Société
Le parler vite
Avant, il s'agissait de parler vrai : une exigence. Il faut dorénavant parler vite : un destin. Comment est-ce venu ? En même temps que ce petit objet qui nous gouverne : le mob. Ou téléphone mobile. De la pratique donc de l'expression courte : "Salut. C'est moi. D'accord. J'arrive.". Et de la forme brève du message SMS. : "Lu @ 2M1 "(Salut, à demain).
Du rythme, aussi, auquel nous accoutument les médias. Les médias audiovisuels. 3h 27 chaque jour en moyenne devant la télé. Et à la radio, quand ça cause, ça cause vite. Ils ont trop à dire les journalistes, quand ils parlent du monde. Et trop peu de temps pour le dire. Minutage verrouillé. Et puis, soyons sérieux. Sur les ondes, on est là d'abord pour rigoler. Pas vrai ? Et surtout, pourquoi se le cacher : afin de faire passer la pub. C'est tout de même gentil de nous le faire savoir dans le cas où nous l'aurions oublié.
Plus lointainement, c'est venu de la dispariition dans les écoles de notre pays d'une formation à l'expresion orale. On n'apprend plus à dire le mot. A lui donner son temps, son visage, son poids. A l'articuler au silence. On apprend la catachrèse et l'hyperbate. La structure narrative. On apprend plus à parler à quelqu'un.
De façon plus massive, nous subissons le joug d'une époque implacable. Nous sommes en phase, sans nous en douter, avec son mode opératoire accéléré. A notre insu, le mode rapide nous agit. La vitesse est aujourd'hui le signifiant maître. Il faut faire vite. Partant parler vite. Le temps est de l'argent. Temps gagné, argent gagné. Il faut être le premier, le premier arrivé, le moins cher, le plus rapide.
L'époque fabrique ainsi des sujets pressés. Pressés même lorsqu'il s'agit de ne rien faire. De prendre le temps de rêver. De regarder l'horizon. "Prendre le temps !" Cet acte inconsciemment est frappé d'interdit. Chargé de culpabilité. L'homme au repos conséquemment s'agite. Voyez son oeil. Observez l'impatience de son pied. Son corps est oppressé. Il parle vite. Sa voix a quelque chose du crépitement de la mitraillette.

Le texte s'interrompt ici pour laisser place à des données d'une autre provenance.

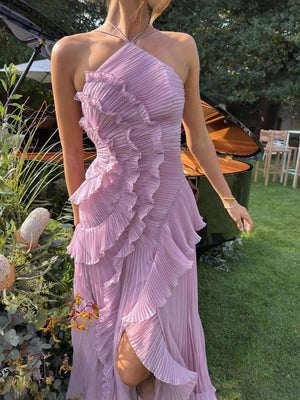 Dame Kjole Plisseret Halterneck Flæsedetaljer Elegant-83561-d5eb9832-21c9-43a6-a56a-180b7b109c02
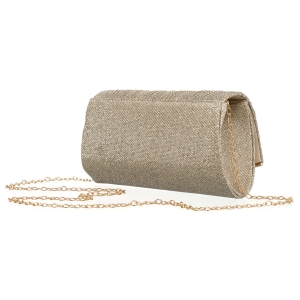 Brokatowa, złota kopertówka damska z tkaniny syntetycznej - Rovicky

L'adolescent électrique préfère le coup par coup. Il pratique la bribe, le nano-fragment. "Ben. Ouais. P'têtre'. OK." On ne peut guère en obtenir davantage. Il ignore la phrase. Ou bien, devenu grand, il la connaît, et son propos se fait fluide. Mais il n'a pas appris l'élocution. Sous l'obligation de paraître cool et cependant de devoir parler vite, il lui faut amollir les consommes (alloïr les on-onnes). De surcroît décolorer les voyelles, abolir les virgules, répudier les points. Enfin achever la phrase avec le début de la suivante avant de reprendre souffle. -Ce dernier : à peine ce que l'on nomme en musique un soupir. Du point de vue sonore, cela donne le bruit incongru d'un borborygme sybillin, inintelligible. Ils ne parlent pas, ces jeunes gens, ils gargouillent. On ne les comprend pas, on les devine. Ce qui présente à l'occasion un avantage douteux : l'occultation de points de friction épineux, qu'on préfère eviter.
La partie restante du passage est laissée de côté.